Ukraine says it has taken out vital bridge in Kherson region

Ukraine says it has taken out vital bridge in Kherson region – leaving thousands of Russian troops virtually cut off from their supplies

  • For weeks, Ukraine’s military has tried to lay groundwork for a counter-offensive
  • Reported that a Ukrainian strike had damaged the bridge at Nova Kakhovka dam
  • It comes after the Antonovsky bridge was badly damaged and put out of action
  • Kherson is the only regional capital to have fallen to Putin’s troops in the war 

Ukraine has taken out a vital bridge in the Kherson region and further crippled Russian supply lines, according to officials. 

For several weeks, Ukraine’s military has tried to lay the groundwork for a counter-offensive to reclaim southern Ukraine’s Russian-occupied Kherson region, which Russia captured in the early days of the war. 

It comes just weeks after the Antonovsky bridge was badly damaged and put out of action by Ukrainian rockets which blew holes in the roadway. 

A local Ukrainian official reported Saturday that a Ukrainian strike had damaged the last working bridge on the dam at Nova Kakhovka over the Dnieper River.

‘The destruction of the road bridge of the Nova Kakhovka dam was ensured, with the result that it was taken out of operation,’ the Ukrainian army’s Operational Command South posted to Facebook. His claims could not be immediately verified. 

For several weeks, Ukraine’s military has tried to lay the groundwork for a counter-offensive to reclaim southern Ukraine’s Russian-occupied Kherson region, which Russia captured in the early days of the war

Russian troops patrol an area at the Kakhovka Hydroelectric Station, a run-of-river power plant on the Dnieper River in Kherson region, south Ukraine, in May 

It comes just weeks after the Antonovsky bridge (pictured) was badly damaged and put out of action by Ukrainian rockets which blew holes in the roadway

‘The Russians no longer have any capability to fully turn over their equipment,’ Serhii Khlan, a deputy to the Kherson Regional Council, wrote on Facebook. 
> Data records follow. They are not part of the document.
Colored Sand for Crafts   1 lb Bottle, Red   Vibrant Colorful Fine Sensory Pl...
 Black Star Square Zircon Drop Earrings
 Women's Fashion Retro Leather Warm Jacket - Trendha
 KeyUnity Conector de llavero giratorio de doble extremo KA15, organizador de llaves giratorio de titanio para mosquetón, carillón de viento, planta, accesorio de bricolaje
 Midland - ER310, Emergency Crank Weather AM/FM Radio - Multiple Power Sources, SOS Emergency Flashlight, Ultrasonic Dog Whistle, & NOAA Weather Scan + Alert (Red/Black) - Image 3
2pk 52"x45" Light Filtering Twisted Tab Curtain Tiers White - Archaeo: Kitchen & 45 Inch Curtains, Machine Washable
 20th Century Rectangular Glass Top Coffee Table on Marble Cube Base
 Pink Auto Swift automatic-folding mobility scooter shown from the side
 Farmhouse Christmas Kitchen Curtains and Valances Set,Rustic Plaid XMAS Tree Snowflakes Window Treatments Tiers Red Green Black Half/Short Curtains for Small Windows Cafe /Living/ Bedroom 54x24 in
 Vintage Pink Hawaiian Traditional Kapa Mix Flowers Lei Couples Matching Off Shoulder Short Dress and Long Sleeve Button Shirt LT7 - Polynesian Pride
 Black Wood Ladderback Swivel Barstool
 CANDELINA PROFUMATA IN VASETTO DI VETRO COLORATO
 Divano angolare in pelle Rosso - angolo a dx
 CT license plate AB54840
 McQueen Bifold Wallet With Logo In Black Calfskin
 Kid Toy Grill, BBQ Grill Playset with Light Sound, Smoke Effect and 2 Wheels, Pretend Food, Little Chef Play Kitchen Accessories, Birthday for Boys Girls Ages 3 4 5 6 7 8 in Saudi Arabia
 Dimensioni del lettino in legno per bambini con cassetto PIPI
British military intelligence said on Saturday that the two primary road bridges giving access to the pocket of Russian occupied territory on the west bank of the Dnipro in Kherson Oblast are now probably out of use for the purposes of substantial military resupply.

‘Even if Russia manages to make significant repairs to the bridges, they will remain a key vulnerability,’ the UK’s Ministry of Defence said.

‘Ground resupply for the several thousand Russian troops on the west bank is almost certainly reliant on just two pontoon ferry crossing points,’ the ministry said in an intelligence update.

With their supply chain constrained, the size of any stockpiles Russia has managed to establish on the west bank is likely to be a key factor in the force’s endurance, according to the update.

Kherson is the only regional capital to have fallen to Putin’s troops in the five-month war and is Russia’s only foothold on the western bank of the Dnipro river which flows down the centre of Ukraine.

A local Ukrainian official reported Saturday that a Ukrainian strike had damaged the last working bridge on the dam at Nova Kakhovka over the Dnieper River. Pictured: A Russian soldier patrols an area at the Kakhovka Hydroelectric Station

A picture taken on July 21 shows a car moving past a crater on Kherson’s Antonovsky bridge across the Dnipro river caused by a Ukrainian rocket strike

Recapturing it would deal a major propaganda blow to Putin’s forces, and spell a possible end to its attempts to push west along the Black Sea to the port of Odesa.

Russia’s generals have previously said that cutting off Ukraine from the Black Sea – denying Zelensky’s government access to its most-lucrative trading routes – is a key aim of their war.

Seizing the city would also provide a major boost for Ukraine, proving that its army is able to attack as well as it defends.

It would likely prompt renewed support from Western backers in terms of money and arms in the hopes that Ukraine would use them to re-capture all of its territory seized by Russia, which Kyiv has identified as its main war aim.

Capturing Kherson would put Crimea – territory Russia annexed in 2014 and which carries huge symbolic importance for Putin’s regime – within striking distance.